--- WHAT THIS TASK INVOLVES ---
Please give again exactly the lines from the top of the material through the line with "To watch the"; omit each picture.

--- RECORDED INFORMATION ---
▼

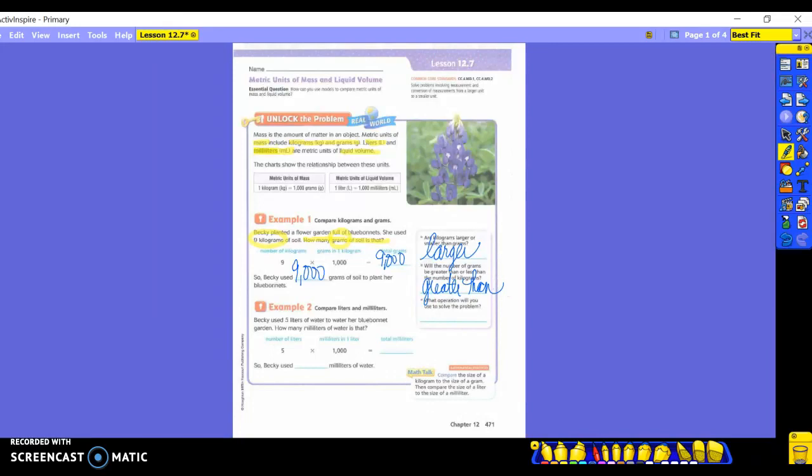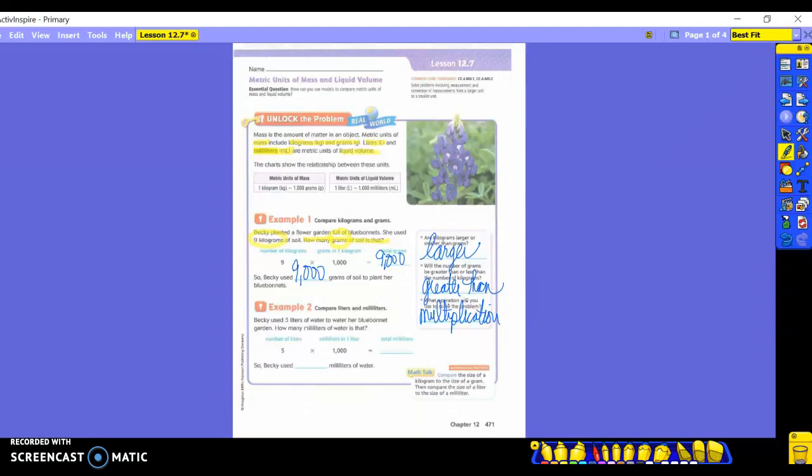And what operation did we use? Multiplication. So what I was talking about earlier was if I was trying to go the opposite way, if I was trying to go from grams to kilograms, you would have to divide. But that's not how we're going. So if I'm going from a large unit to a small unit, you will multiply. If I'm going from a small unit to a large unit, you will have to divide. We'll get into some of those here later on.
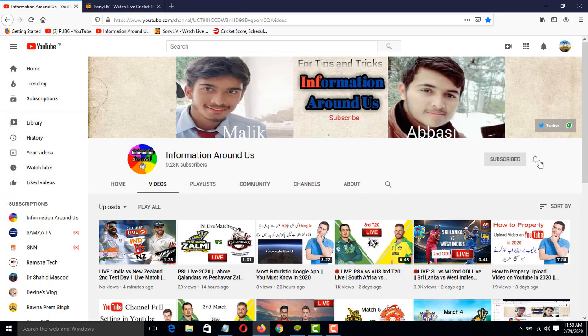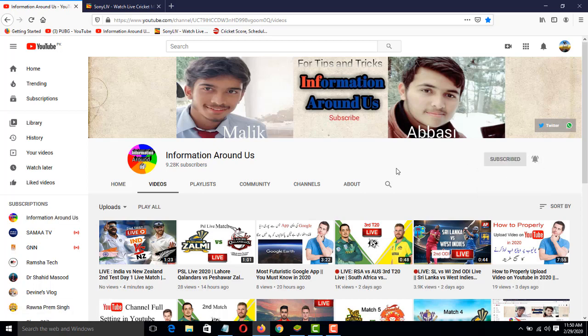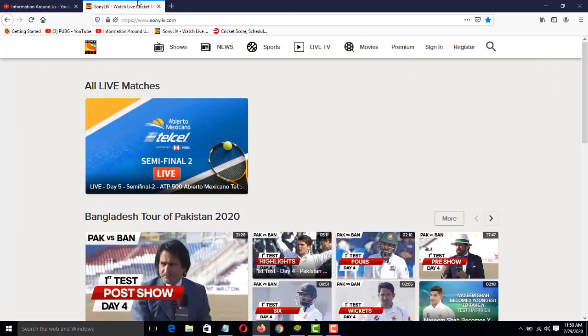To watch the live match between South Africa and Australia, you need to come on this website. The link of this website is in the description. When you click on the link in the description, you will come on this page.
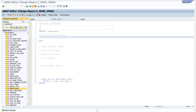Hello everybody. In this video I will show you how to easily send an email from the SAP system in ABAP. Without the variable declaration and the try-and-catch block, we will need about 20 lines of code.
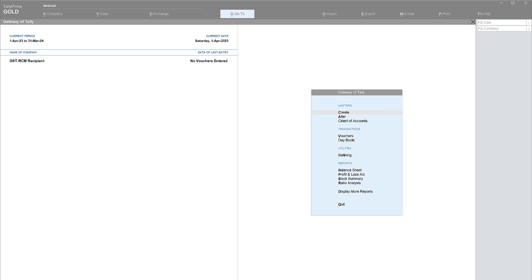We understood how RCM reverse charge mechanism is configured in Tally Prime as a supplier of listed services or goods under RCM. Now we will understand the treatment of RCM from the buyer's point of view — how they are going to account and be compliant as required. The buyer has to calculate tax liability at the prescribed rate, make payment of the same, and can also claim the amount of tax paid under RCM as input tax credit, as long as it is used or intended to be used in the course of business.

▲

--- SOLUTION FOR THIS TASK ---
And what operation did we use? Multiplication. So what I was talking about earlier was if I was trying to go the opposite way, if I was trying to go from grams to kilograms, you would have to divide. But that's not how we're going. So if I'm going from a large unit to a small unit, you will multiply. If I'm going from a small unit to a large unit, you will have to divide. We'll get into some of those here later on.
To watch the live match between South Africa and Australia, you need to come on this website. The link of this website is in the description. When you click on the link in the description, you will come on this page.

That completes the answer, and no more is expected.